# Exercise description:
Beginning at the line that contains "Premium Mata Do" and finishing at the line that contains "Glazed Orange by", output the data below exactly. Include both end lines and no pictures.

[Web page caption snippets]
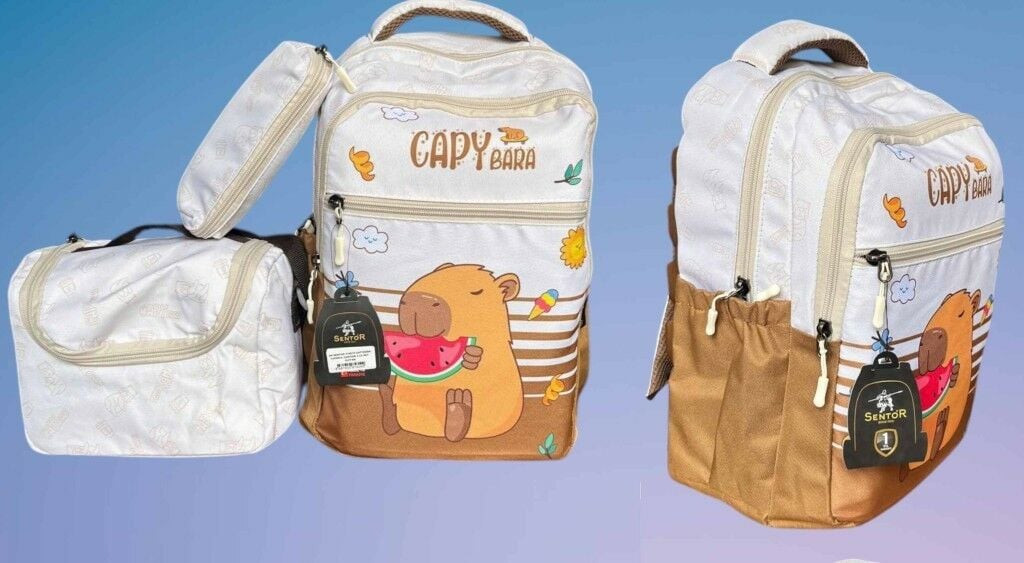 Sentor Capybara İlkokul Çantası + Beslenme Çantası + Kalemlik (3 Parça)
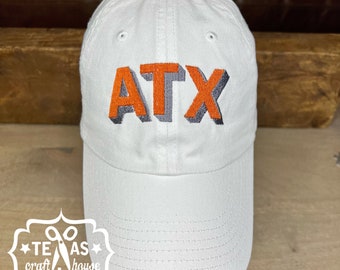 ATX Baseball Hat - ATX Two Tone Block Font Baseball Hat - Austin Texas Baseball Hat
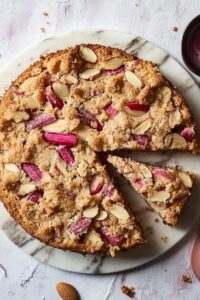 Almond Rhubarb Coffee Cake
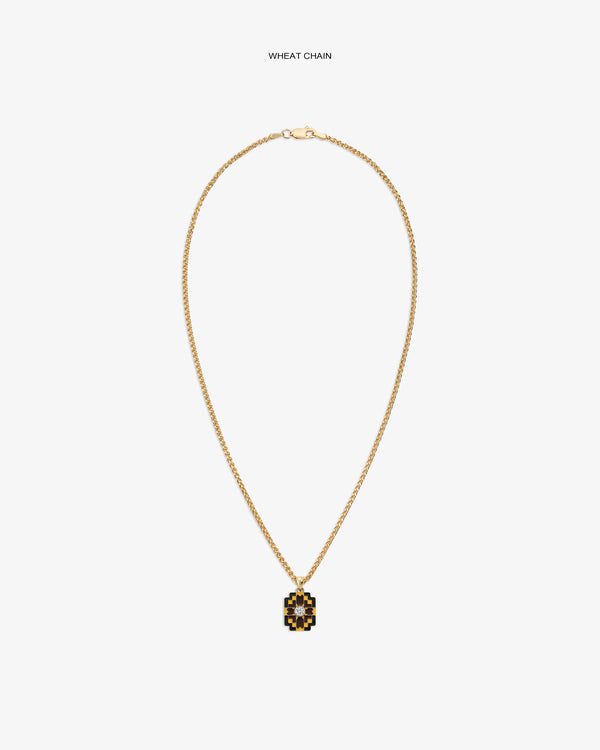 Diamond Mosaic Pendant on a gold wheat chain, shown against a plain white background.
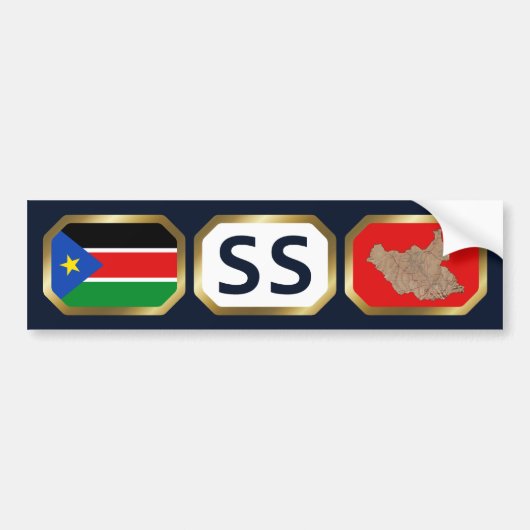 Zuid-Soedan Vlag Kaart Code Bumpersticker (Voorkant)
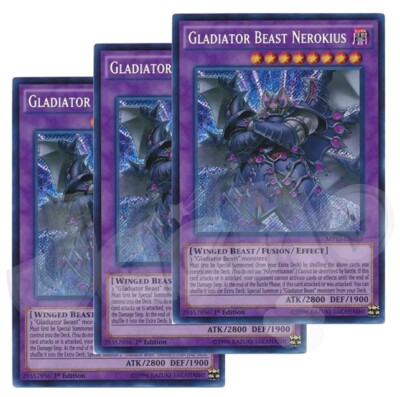 Yugioh Gladiator Beast Nerokius x 3 1st Edition Secret Rare NM - Free Holo Card-image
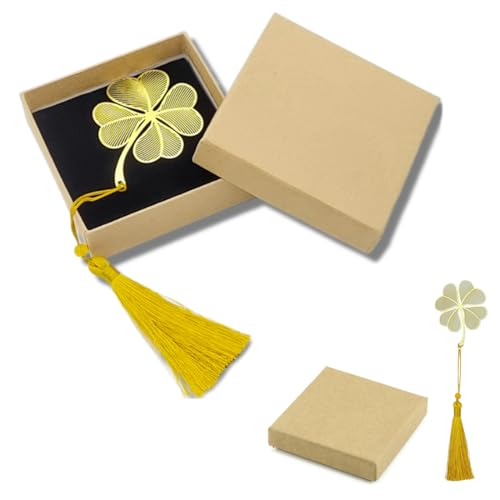 AFCJLTO Metal Marcapáginas Pendant Bookmark,Marcapáginas Trébol de cuatro hojas, Marcapaginas Personalizado Set es un Regalo Práctico y Creativo para Maestros,Lectores, Estudiantes,Amigos,Oro AFCJLTO Metal Marcapáginas Pendant Bookmark,Marcapáginas Trébol de cuatro hojas, Marcapaginas Personalizado Set es un Regalo Práctico y Creativo para Maestros,Lectores, Estudiantes,Amigos,Oro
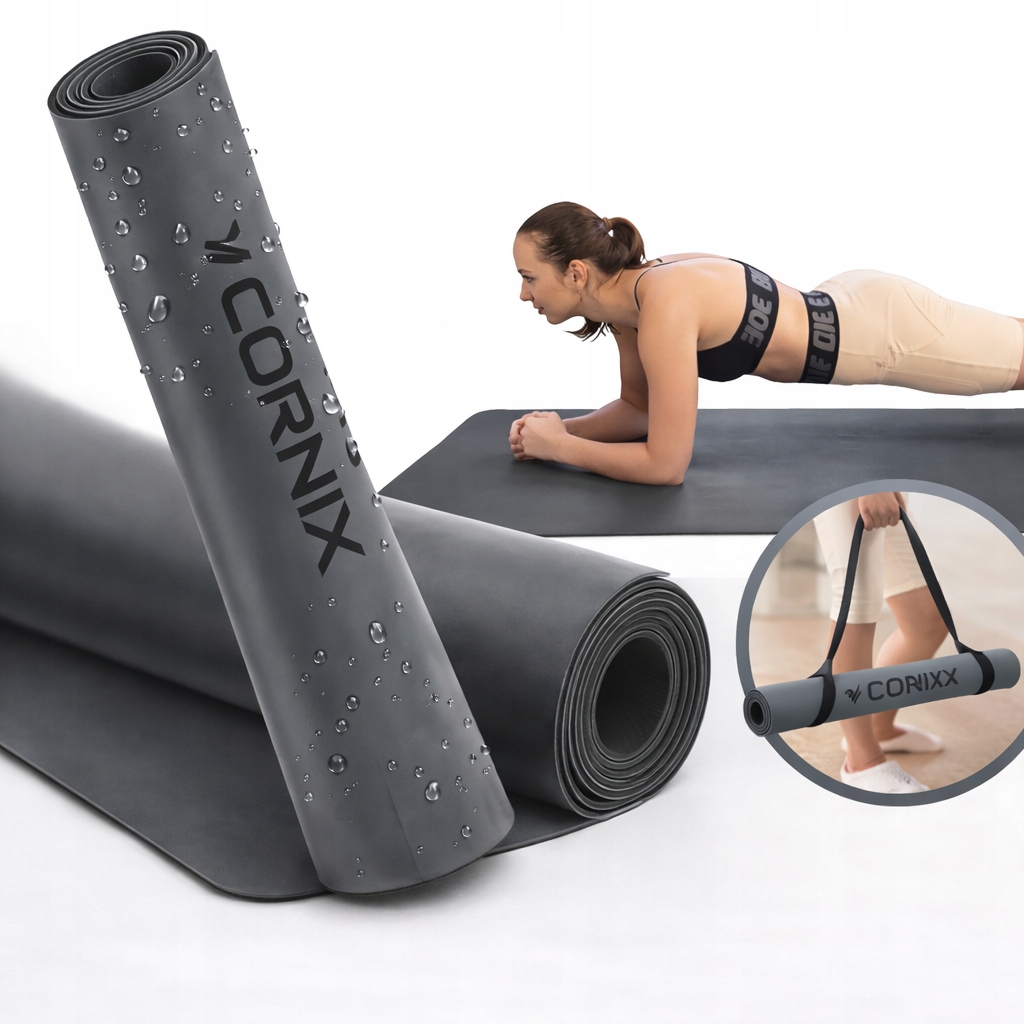 Premium Mata Do Jogi Cornix 183x68 4MM Kauczuk Pu Antypoślizgowa Szeroka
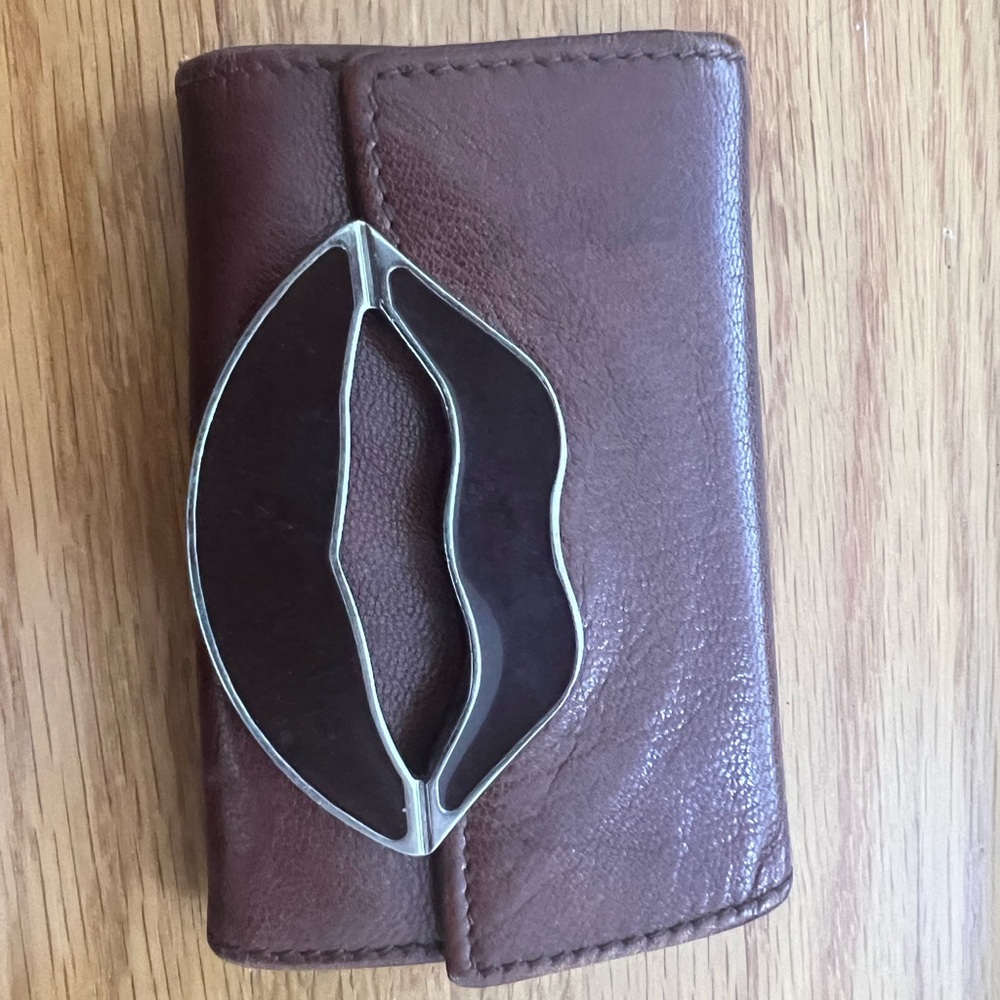 Yves Saint Laurent Brown Leather Key & Card Holder with Lip Motif Hardware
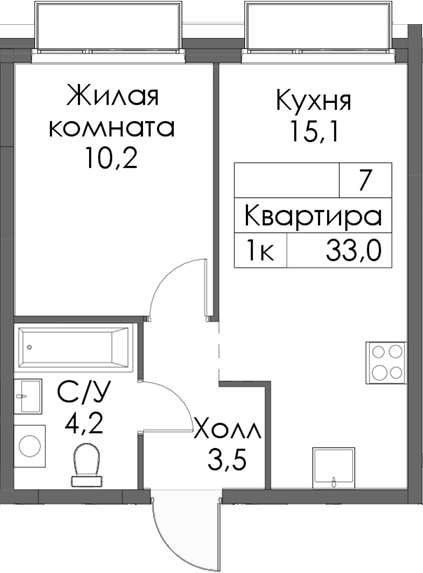 Планировка — Сиберово, 1-комн., 33 м²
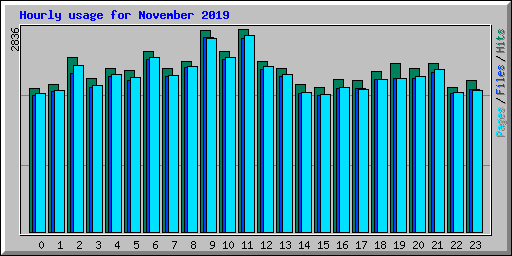 Hourly usage for November 2019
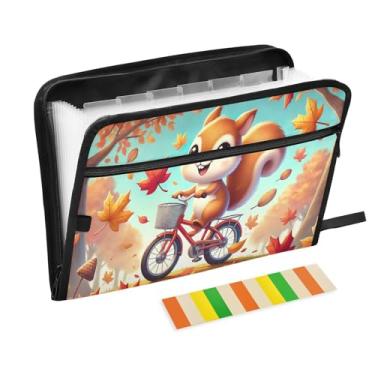 Imagem de Pastas de acordeão de ciclismo de esquilo fofas para documentos, pasta de arquivo expansível tamanho carta A4 com bolsa de lápis frontal organizador de recibos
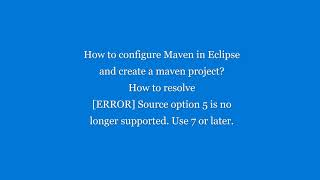 how to configure maven in eclipse and create a maven project?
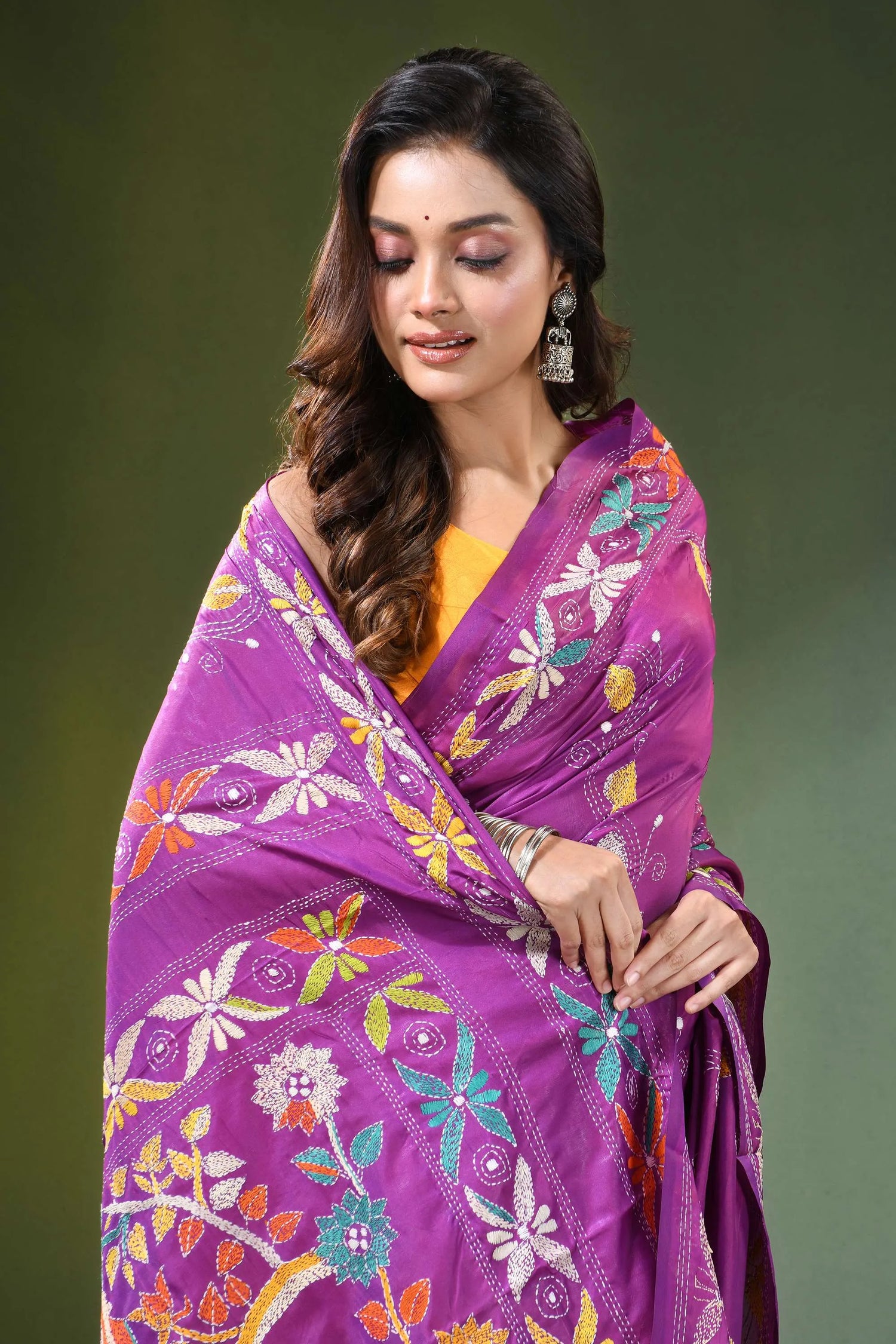 Handmade purple kantha embroidery silk saree with exclusive bird motif vibrant adorned intricate 2
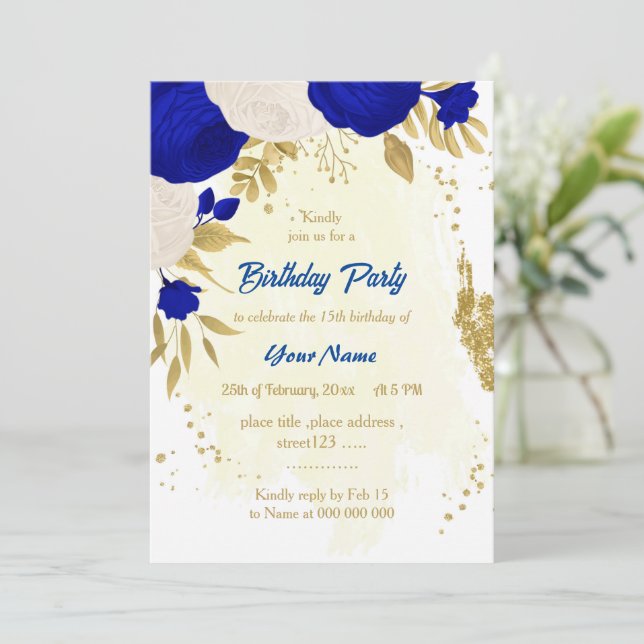 Invitation royal bleu & blanc fleurs or anniversaire (Debout devant)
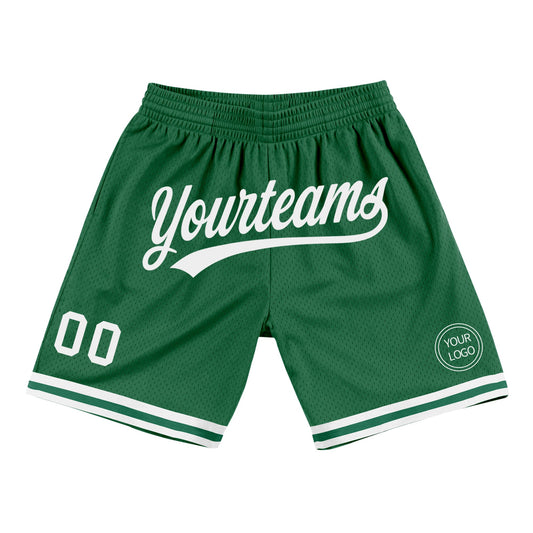 Custom Kelly Green White Authentic Throwback Basketball Shorts - Main View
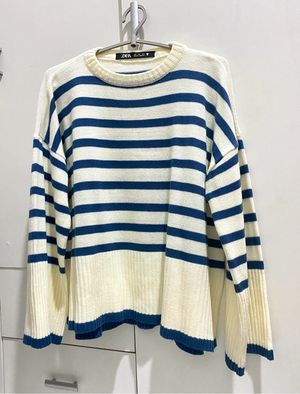 Sweater rajut knit Garis biru oversize
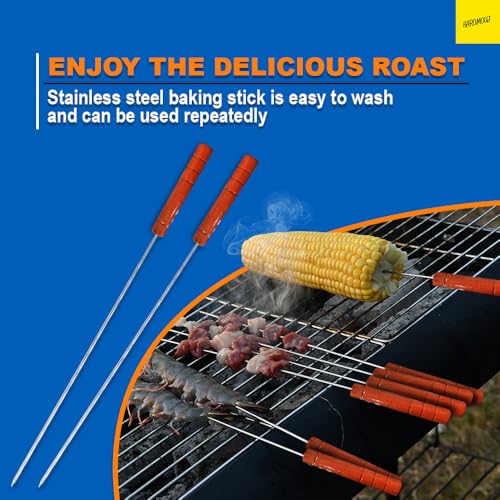 karomouj BBQ Skewers Tandoor for Barbecue, Grill | Stainless Steel Stick with Wooden Handle, Pack of 12 - Image 3
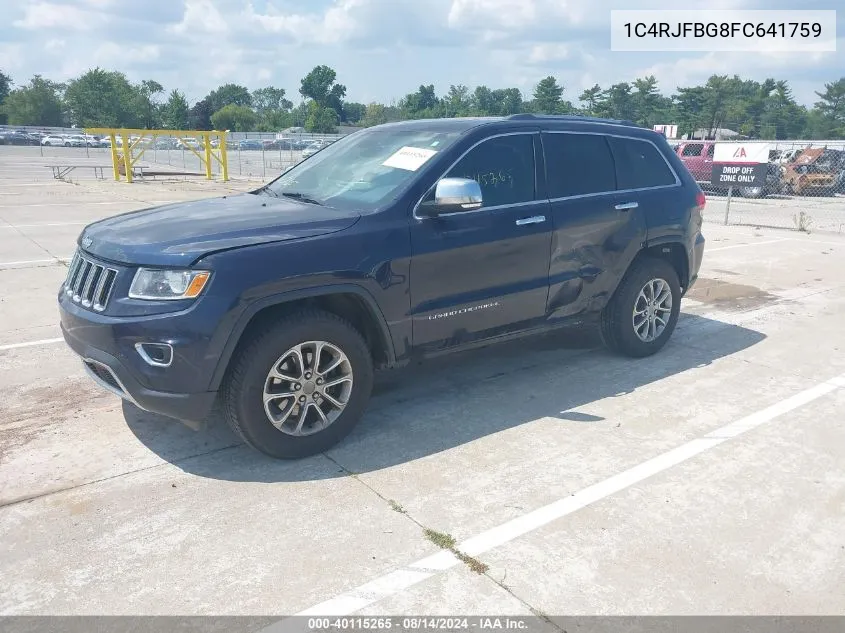 2015 Jeep Grand Cherokee Limited VIN: 1C4RJFBG8FC641759 Lot: 40115265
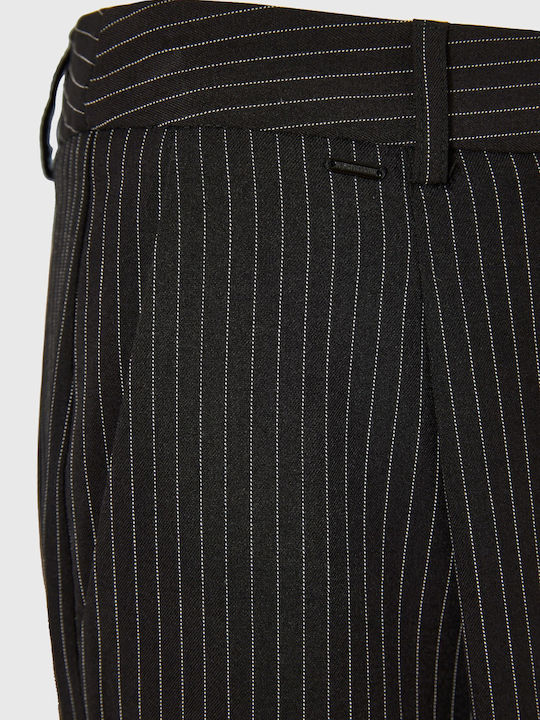 Women's Fabric Trousers Regular Fit Striped Black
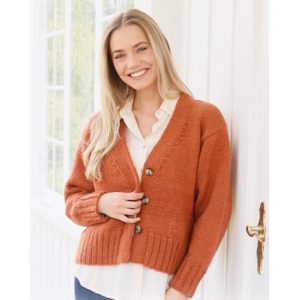 Glazed Orange by DROPS Design - Cardigan Strikkeopskrift str. XS - XXL - X-Small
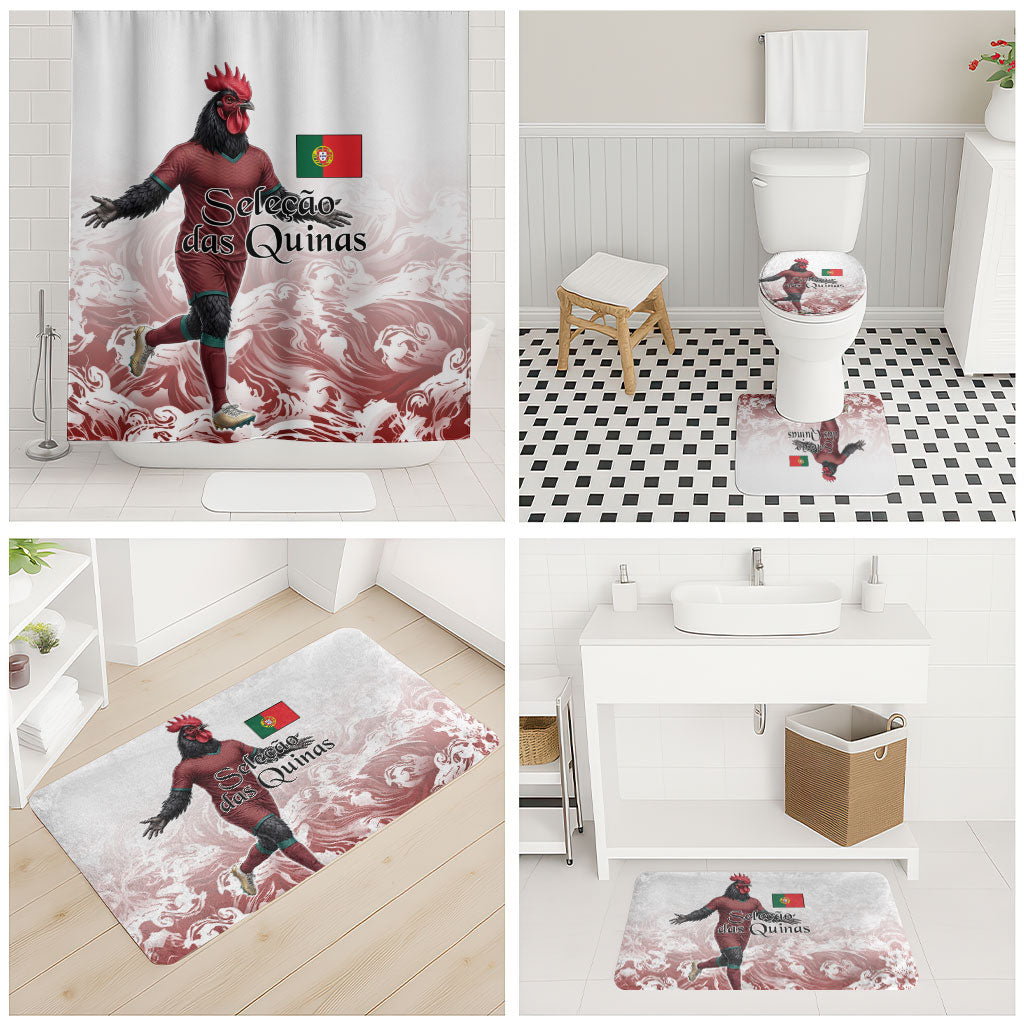Portugal Football Selecao das Quinas Bathroom Set Rooster Mascot Patriotic Ornate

# Output below:
 Premium Mata Do Jogi Cornix 183x68 4MM Kauczuk Pu Antypoślizgowa Szeroka
 Yves Saint Laurent Brown Leather Key & Card Holder with Lip Motif Hardware
 Планировка — Сиберово, 1-комн., 33 м²
 Hourly usage for November 2019
 Imagem de Pastas de acordeão de ciclismo de esquilo fofas para documentos, pasta de arquivo expansível tamanho carta A4 com bolsa de lápis frontal organizador de recibos
 how to configure maven in eclipse and create a maven project?
 Handmade purple kantha embroidery silk saree with exclusive bird motif vibrant adorned intricate 2
 Invitation royal bleu & blanc fleurs or anniversaire (Debout devant)
 Custom Kelly Green White Authentic Throwback Basketball Shorts - Main View
 Sweater rajut knit Garis biru oversize
 karomouj BBQ Skewers Tandoor for Barbecue, Grill | Stainless Steel Stick with Wooden Handle, Pack of 12 - Image 3
 2015 Jeep Grand Cherokee Limited VIN: 1C4RJFBG8FC641759 Lot: 40115265
 Women's Fabric Trousers Regular Fit Striped Black
 Glazed Orange by DROPS Design - Cardigan Strikkeopskrift str. XS - XXL - X-Small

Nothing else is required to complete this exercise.